Namun, sekitar 15 menit berikutnya, Kepala Sektor 8, Ahmad Bahir Ghozali, mengabarkan: “Nenak tadi akhirnya tak tertolong. Innalillahi wa inna ilihi rojiun.” Sedihlah semua yang berada di sekitar Kepala Sektor itu. Di ruang pimpinan sektor itu. Tak disangka dan tak dinyana. Sang nenek yang telah sukses menjalani seluruh rangkaian ibadah haji akhirnya menghadap Sang Ilahi. Sang nenek yang hanya menunggu beberapa hari saja sudah bisa kembali bertemu keluarga akhirnya harus menghembuskan nafas terakhirnya di Tanah Suci. Sungguh kejadian yang mendadak dan mengagetkan sekali.

Nah, kalau ditanya, apakah sang nenek ingin meinggal di Makkah? Apakah anaknya juga menginginkan sang ibu wafat di Tanah Suci? Tentu tidak. Tentu jawabannya pasti tidak. Tentu orang seperti sang nenek tak pernah ingin meninggal di Tanah Suci. Sang putri pun demikian. Buktinya, sekembalinya ke hotel dari rumah sakit usai mendapati sang ibu akhirnya menghadap Ilahi rabbi, sang puteri begitu turun dari kendaraan di depan hotel berujar sambil sesenggukan: “Saya ikhlas beliau akhirnya dipanggil oleh Allah. Tapi tadi cepat sekali kejadiannya. Saat di dalam bus, beliau merasa ada yang sakit di leher bagian belakang. Lalu minta dikerokin. Saya pun ngerokin bagian yang sakit itu. Lalu beliau merasa ada yang menekan bagian dada sebelah kiri atas. Ya, Allah cepat sekali kejadiannya. Beliau akhirnya wafat."

Ungkapan sang puteri di atas menandakan bahwa dia tampak terkejut dengan wafatnya sang ibu. Walaupun dia juga tampak ikhlas atas musibah wafatntya sang bunda itu. Maka, pertanyaan yang ada dalam judul tulisan ini tentu di permukaan akan langsung dijawab oleh sang perempuan itu dengan jawaban singkat: “Tidak!” Tampak dia tak berharap itu terjadi. Namun saat Allah berkehendak lain, dia pun dengan ikhlas menerima takdir kuasa-Nya. Keikhlasan perempuan ini menunjuk ke tingkat kepasrahan yang tinggi. Ujungnya pun menerima kenyataan tentang wafatnya sang bunda di Tanah Suci.

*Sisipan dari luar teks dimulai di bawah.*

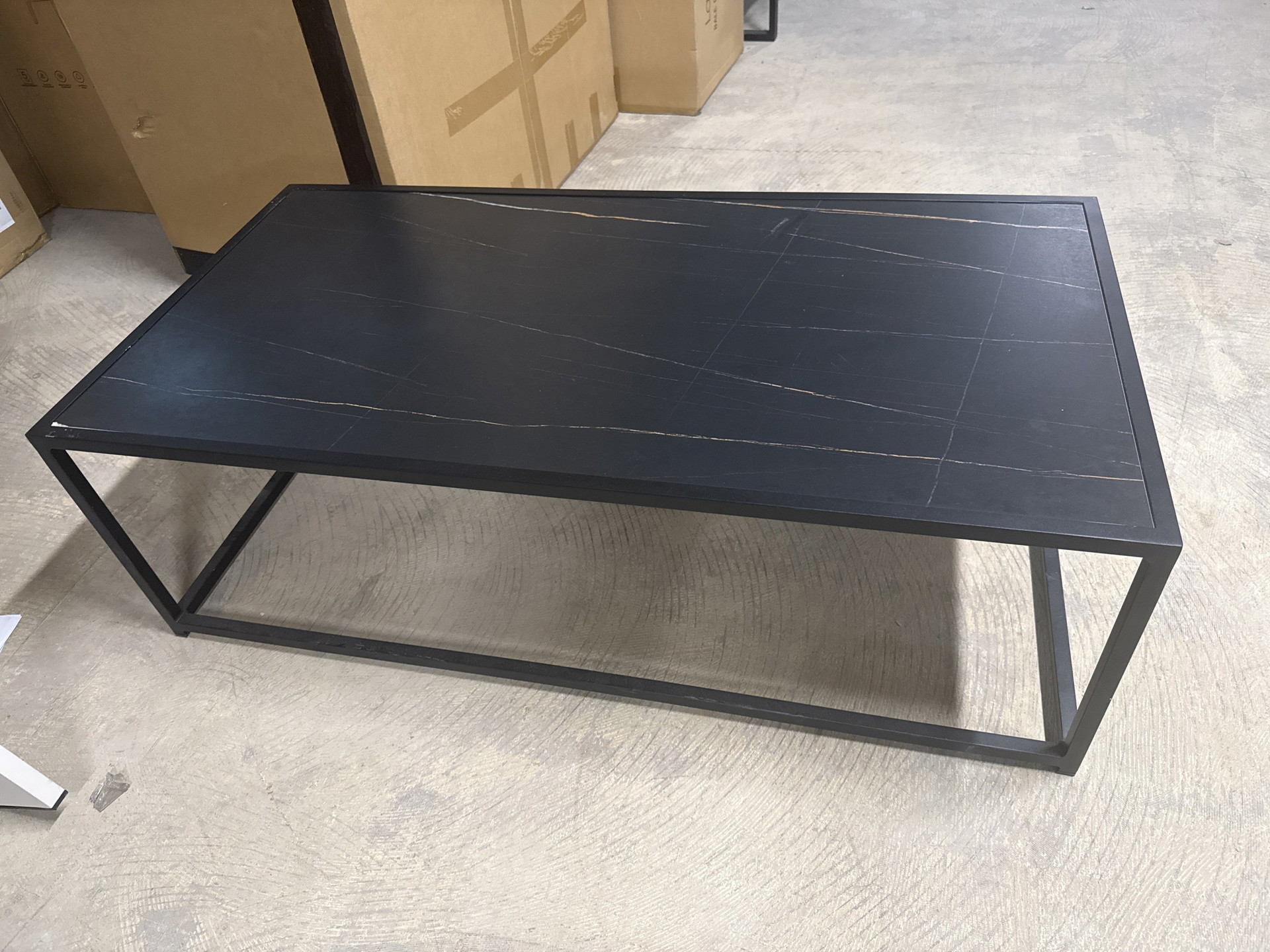 REEF Outdoor Ceramic Coffee Table 1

Tak sakitnya sang bunda sebelum menemui ajalnya membuat penerimaan yang tinggi sang anak atas kematiannya. Maka, jika ungkapan dr. Enny, kepala KKHI Daker Makkah, di awal tulisan ini dijadikan sebagai dasar argumentasi, maka tidak ada yang ingin wafat di Tanah Suci jika harus didahului dengan sakit yang membuatnya dirawat berhari-hari. Baik di rumah sakit ataupun pusat layanan kesehatan lainnya. Kecuali jika kematian itu datang begitu tiba-tiba, seperti yang dialami oleh sang nenek di atas. Tentu keikhlasan sang anak membuat kematian sang ibu diterima setulusnya. Diinginkan? Tentu tidak. Yang betul, diikhlaskan.

Bisa saja harapan untuk bisa wafat di Tanah Suci sempat muncul dari hati. Pada sejumlah kalangan jemaah haji Indonesia yang jumlahnya sangat banyak sekali. Dan, usaha para petugas kesehatan haji pun juga mungkin sudah maksimal tak terperi. Namun kepergian menghadap sang Khaliq di Tanah Suci seperti yang tiba-tiba menimpa sang nenek di atas tentu juga tak bisa dihindari. Itulah takdir suci sang Ilahi rabbi. Tak seorang pun bisa berharap kedatangannya sesuai yang diingini. Atau juga menolaknya agar pergi.